Hide Forgot
Description of problem: spice-server abort at red_worker.c:handle_dev_destroy_primary_surface Reporting because I think the problem is real. But could not reproduce so far. The actual problem: we are accessing red_dispatcher from two threads, and it was never designed for that. This can happen like seen in the stack trace below, first user is a vga timer callback from main thread, and the second is a qxl io handler from vcpu thread. They both call red_dispatcher, which writes to the same pipe. So either protect all calls to red_dispatcher with a mutex (independent from qemu_iothread_lock), or serialize them using a per vcpu pipe to main thread, who will be the only user of red_dispatcher. Version-Release number of selected component (if applicable): How reproducible: 0% so far Steps to Reproduce: 1. Boot up a winxp guest, crash during driver initialization. Actual results: crash Expected results: no crash Additional info: I got a panic in handle_dev_destroy_primary_surface, red_dispatcher.c At the moment of panic there was an inconsistent status wrt qxl thinking it's in NATIVE mode in one thread and VGA in another. The main_loop had a timer triggered vga refresh leading to a call to qemu_spice_destroy_host_primary (because of vga_draw_text calling qemu_console_resize), which is only possible if qxl0->mode==QXL_MODE_VGA. Otoh, an io triggered qxl_create_guest_primary, which is called after qxl0->mode is set to QXL_MODE_NATIVE, and after ensuring we exit the vga state with qxl_exit_vga_mode. This is running a F14 guest. I couldn't recreate it since (running several times, this is after it did happen again once which was enough to run under a debugger). more complete stack traces: kvm_main_loop_cpu: ... kvm_handle_io ... qxl_create_guest_primary kvm_main_loop: ...(timer)... gui_update dpy_refresh display_refresh qemu_spice_display_refresh vga_hw_update qxl_hw_update vga_update_display vga_draw_text qemu_console_resize dpy_resize display_resize qemu_spice_display_resize qemu_spice_destroy_host_primary red_worker: handle_dev_destroy_primary_surface PANIC_ON(!worker->surfaces.surfaces[surface_id].context.canvas)

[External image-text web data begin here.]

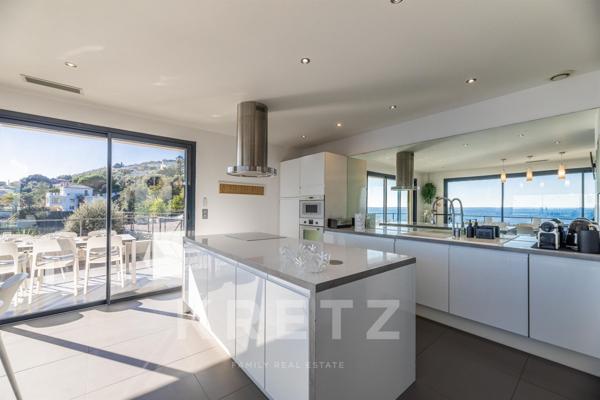 À San Martino di Lota, villa d'exception avec 4 chambres, 3 salles de bains, piscine chauffée, jardi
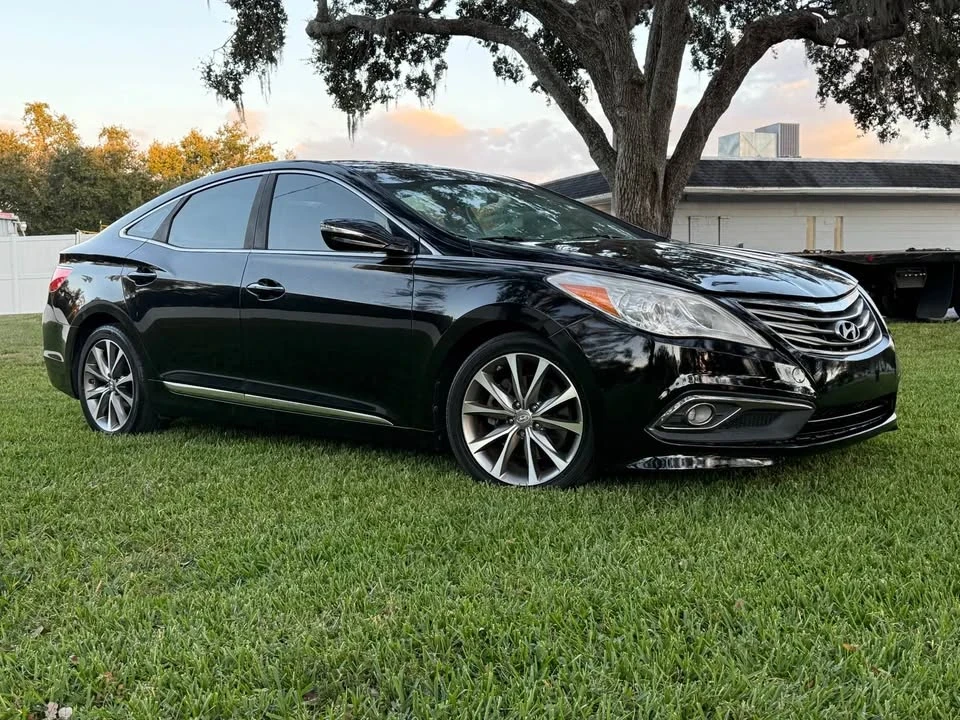 2016 Hyundai Azera - Image 2 of 12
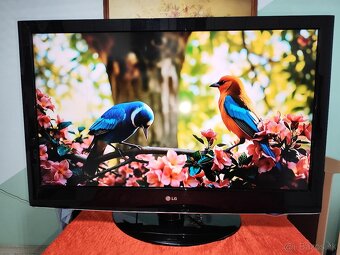 Predám LCD TV LG 42LD420 Full HD - 9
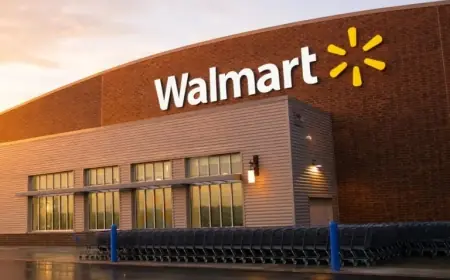 Walmart Stock Rises with Nasdaq-100 Inclusion: Key Investor Insights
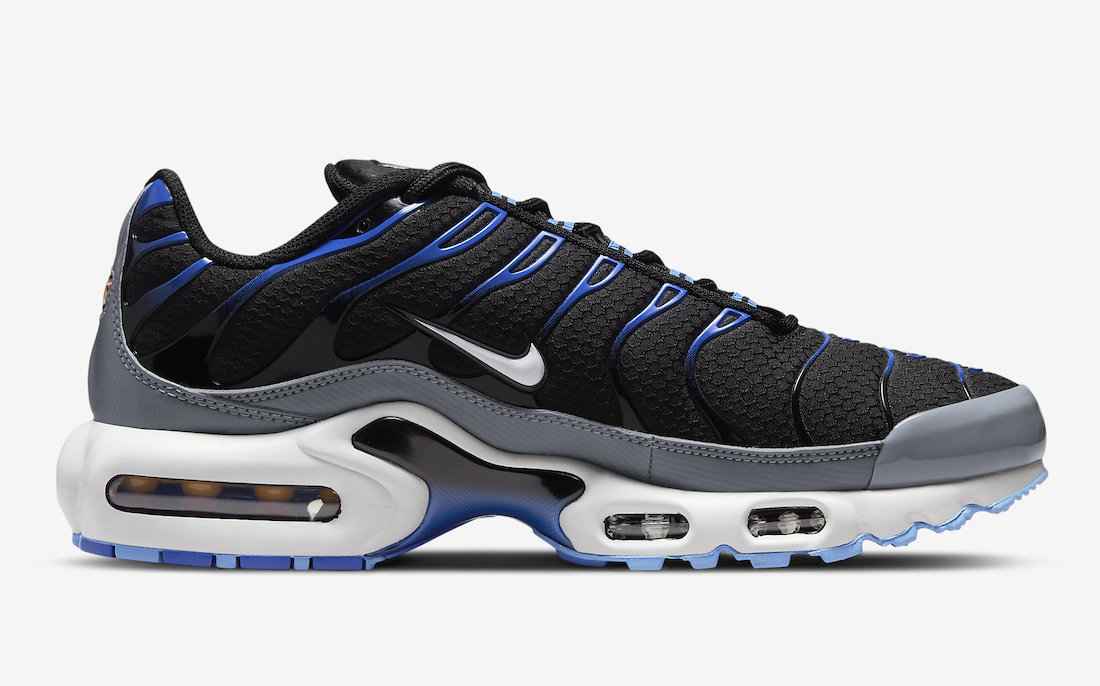 Nike-Air-Max-Plus-Black-Blue-DH4776-003-Release-Date-2.jpeg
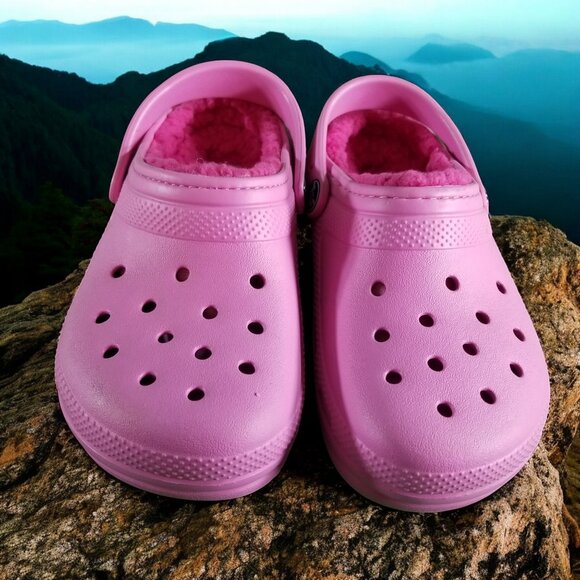 Crocs Classic Youth Size 13 Pink Faux Fur Lined Comfort Shoes 12437 - Picture 3 of 8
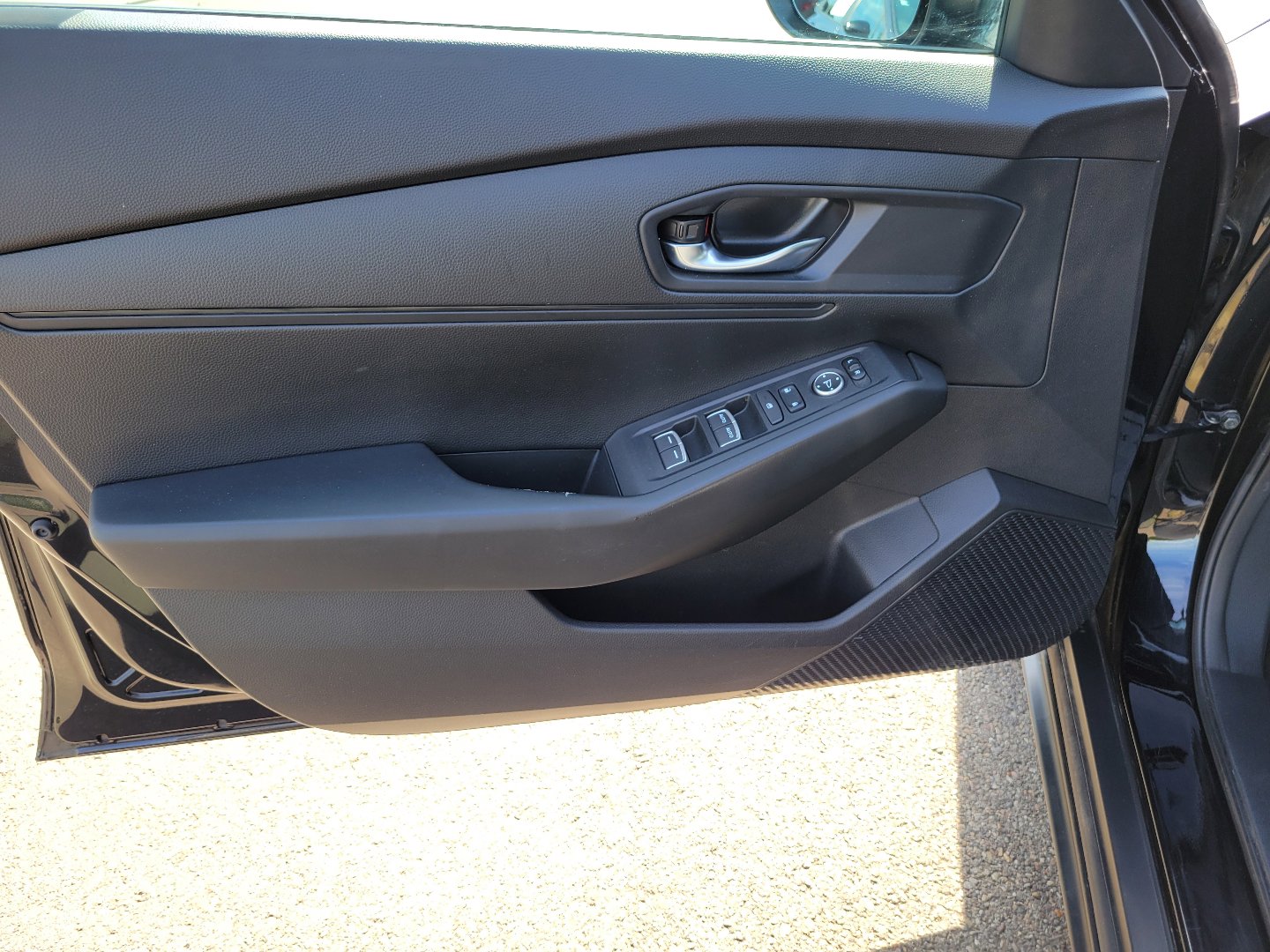 Used 2023 Honda Accord LX image 18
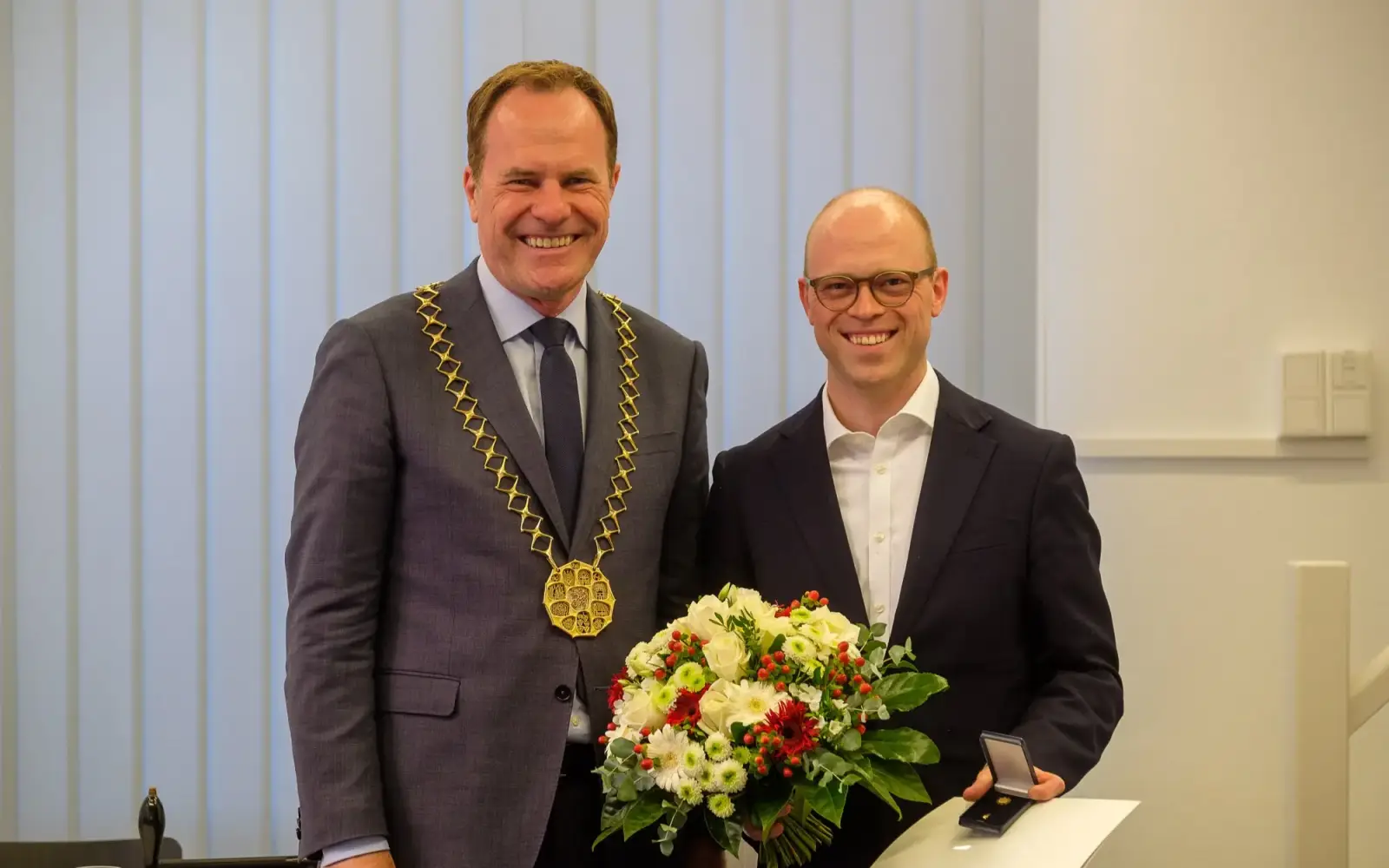 Oberbürgermeister Dr. Stephan Keller (l.) überreicht die Ehrennadel des Rates an Bezirksbürgermeister Benedict Stieber © Landeshauptstadt Düsseldorf/Uwe Schaffmeister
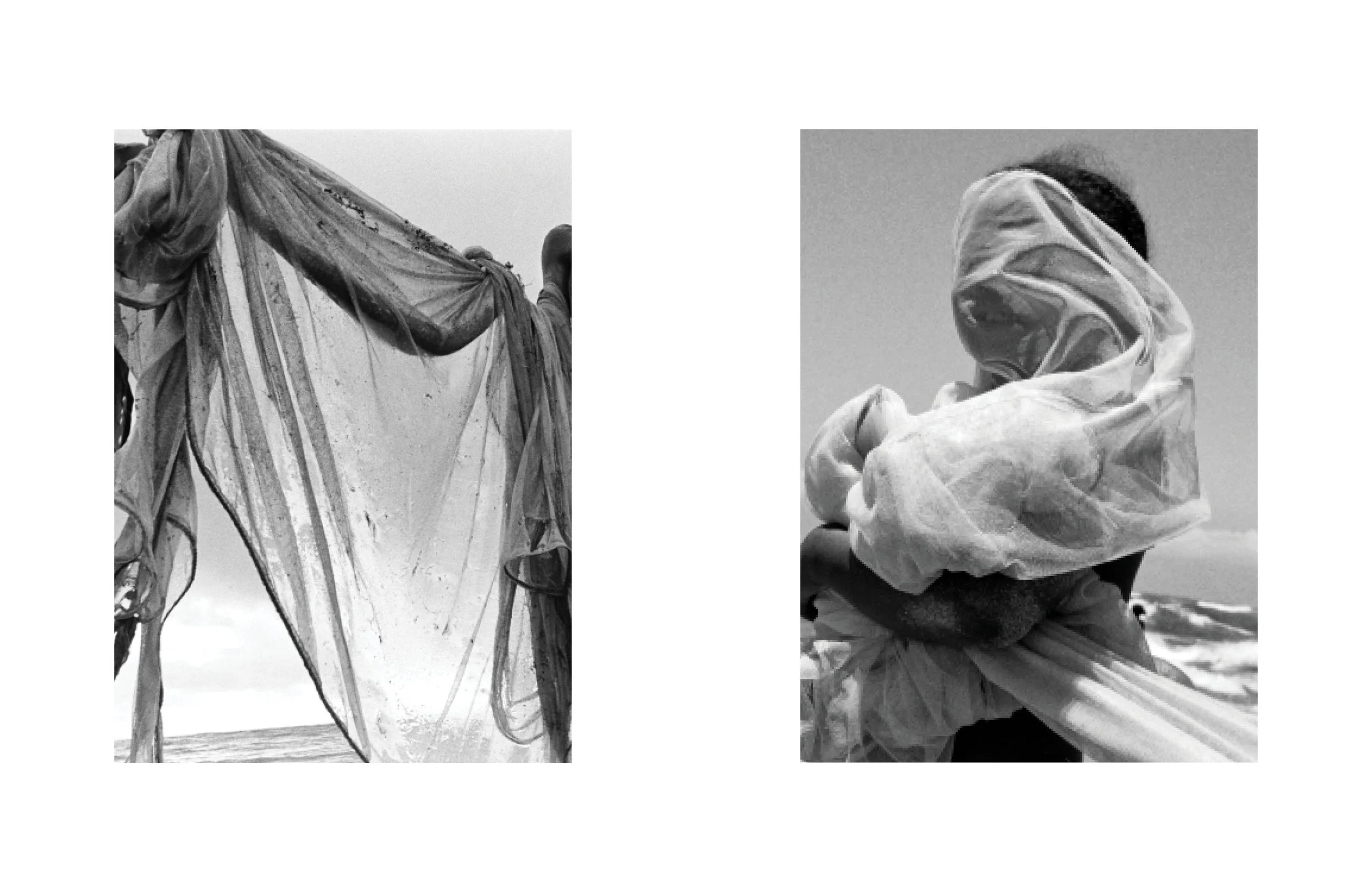 Deux personnages portant des vêtements en tissu léger, avec des foulards couvrant leur tête, l'un avec un voile blanc et l'autre avec un tissu blanc, dans un contexte probablement côtier.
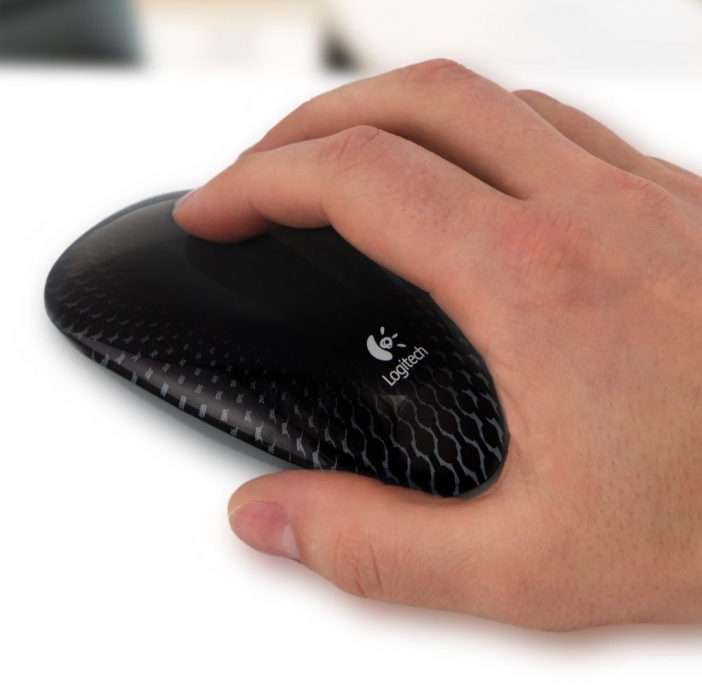 Logitech Touch Mouse M600 - елегантна, сензорна и просто гениална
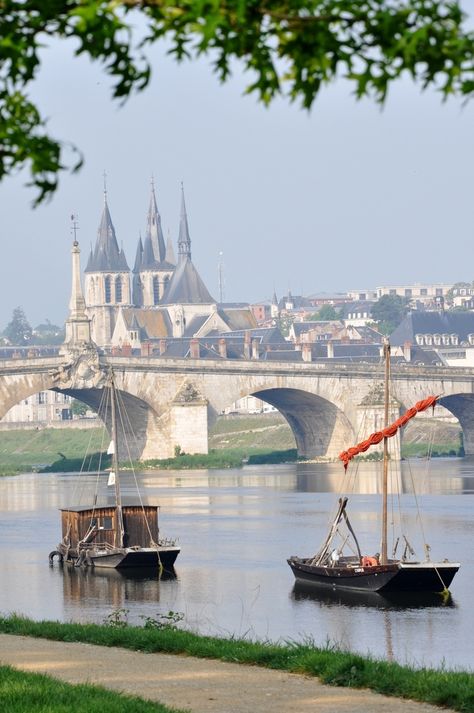 Blois Relaxing View, Medieval Towns, Central France, Loire River, Chateau France, Visit France, School Trip, Loire Valley, Water Colors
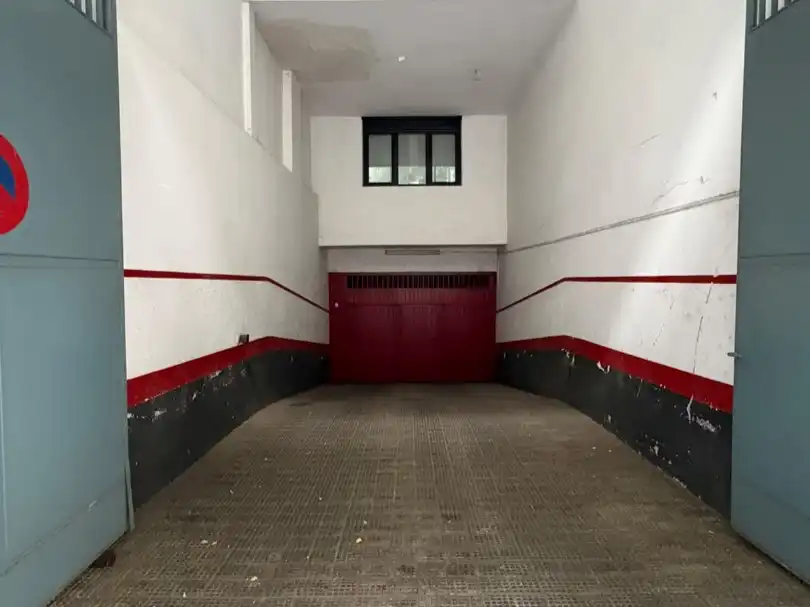 Garaje de alquiler en Calle de Fernández de la Hoz, 59, Ríos Rosas - Nuevos Ministerios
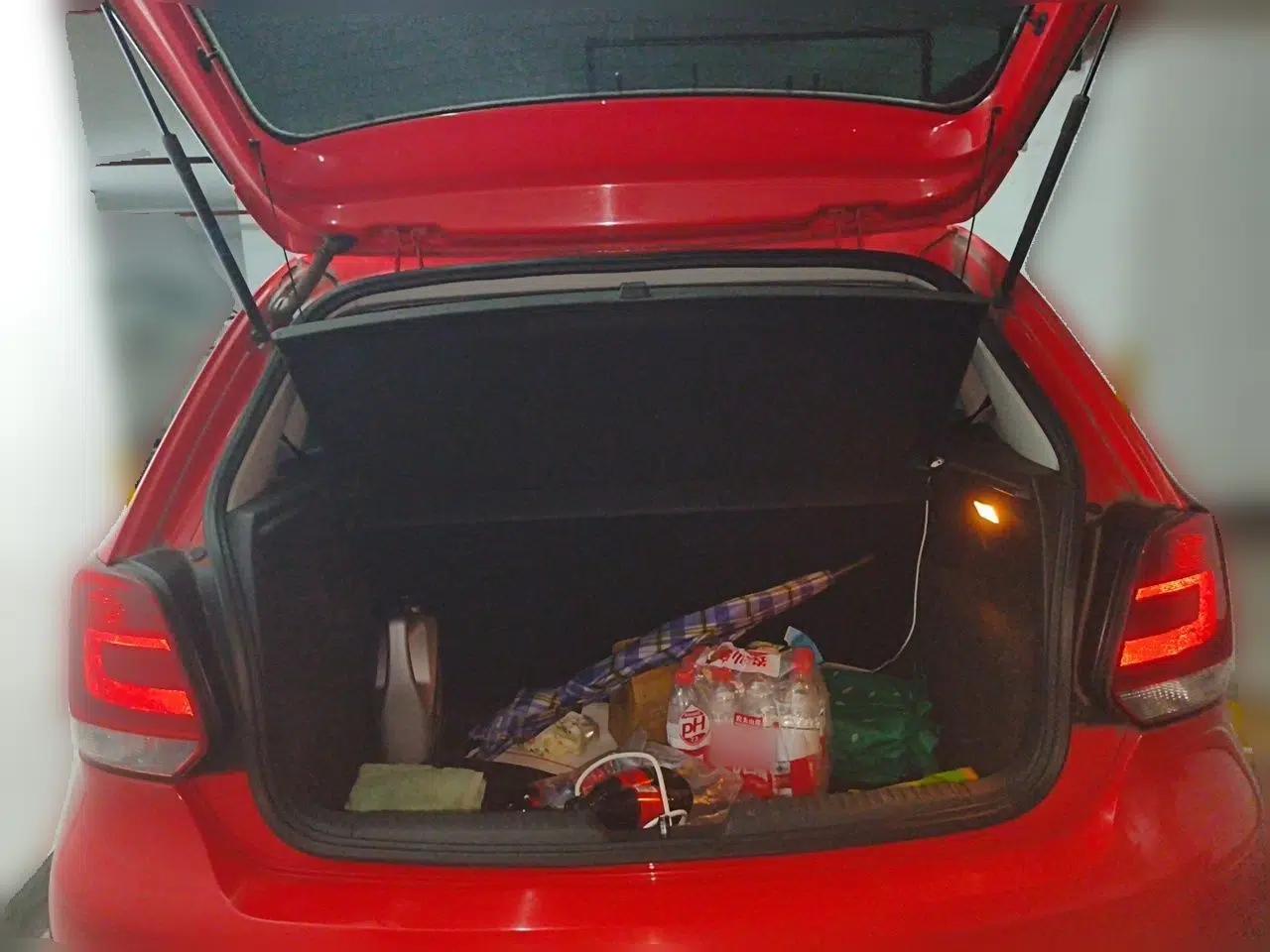 Volkswagen Polo 2011 1.4L Automatic ZhiShang Version — миниатюра 19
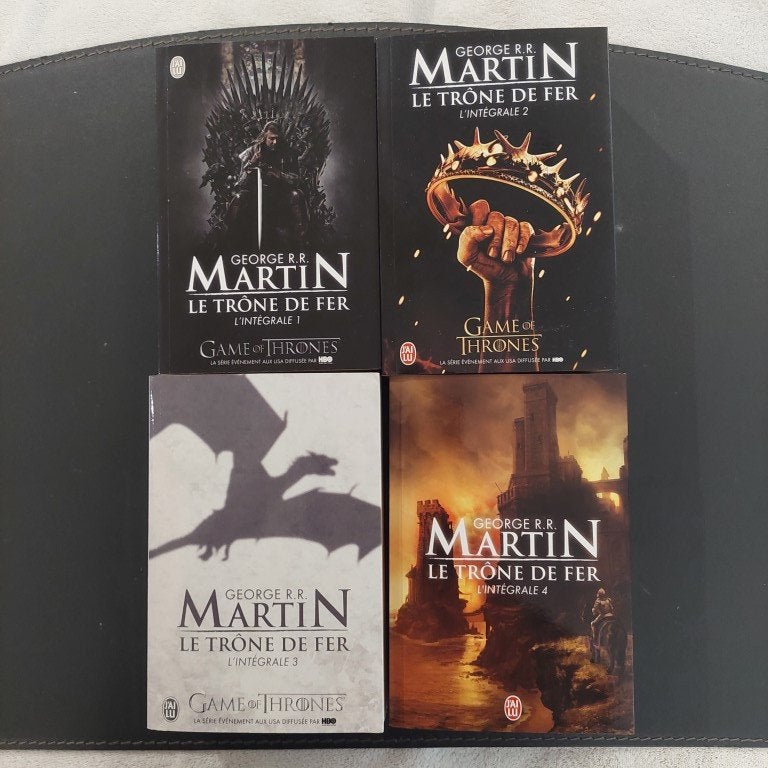 integrales 1 à 4 le Trone de Fer - Martin - plus de 4000 pgs, Livres, Enlèvement ou Envoi, Comme neuf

Alon, please try to reproduce with a smp (4 or 8 vcpus) guest.
*** Bug 680114 has been marked as a duplicate of this bug. ***
This situation is prevented by the latest locking fixes to bug 678208. I'm marking as duplicate because this is fixed by the same solution, but the bug is actually a different case - here it's an assert caused by dropping the global qemu mutex in the vcpu thread, and in 678208 it's a hang caused by taking the global qemu mutex from the spice server thread. *** This bug has been marked as a duplicate of bug 678208 ***
I met the same condition with : centos: kernel:3.6.2 qemu-kvm:1.2.0 spice qxl video driver My VM Xp abort and I found the error message from the /var/log/libvirt/qemu/xxx.log validate_surface: failed on 9 validate_surface: panic !worker->surfaces[surface_id].context.canvas I have met this twice in two days. any details are needed?